> [Data provided]:
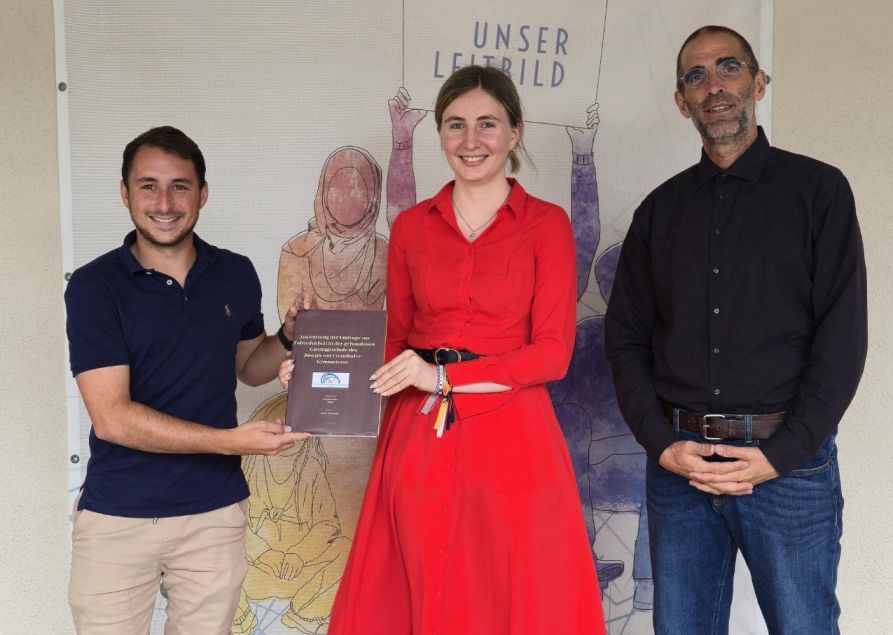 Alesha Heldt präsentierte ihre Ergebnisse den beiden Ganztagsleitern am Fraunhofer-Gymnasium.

* * *

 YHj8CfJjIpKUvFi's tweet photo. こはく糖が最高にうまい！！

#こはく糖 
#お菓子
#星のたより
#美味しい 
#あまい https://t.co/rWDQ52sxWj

--

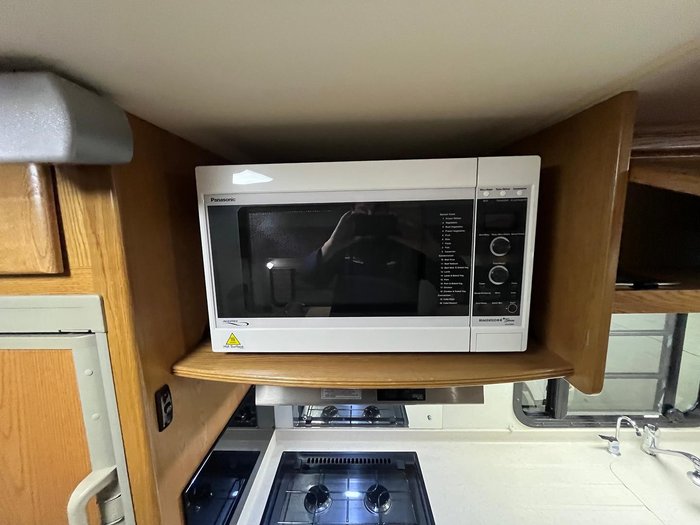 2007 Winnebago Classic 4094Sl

> [Directions]:
Out of the data above, transcribe exactly and only the lines starting with the line that has "YHj8CfJjIpKUvFi's tweet photo. こはく糖が最高にうまい！！" and going on through the line that has "#あまい https://t.co/rWDQ52sxWj", both included.

> [Written solution]:
 YHj8CfJjIpKUvFi's tweet photo. こはく糖が最高にうまい！！

#こはく糖 
#お菓子
#星のたより
#美味しい 
#あまい https://t.co/rWDQ52sxWj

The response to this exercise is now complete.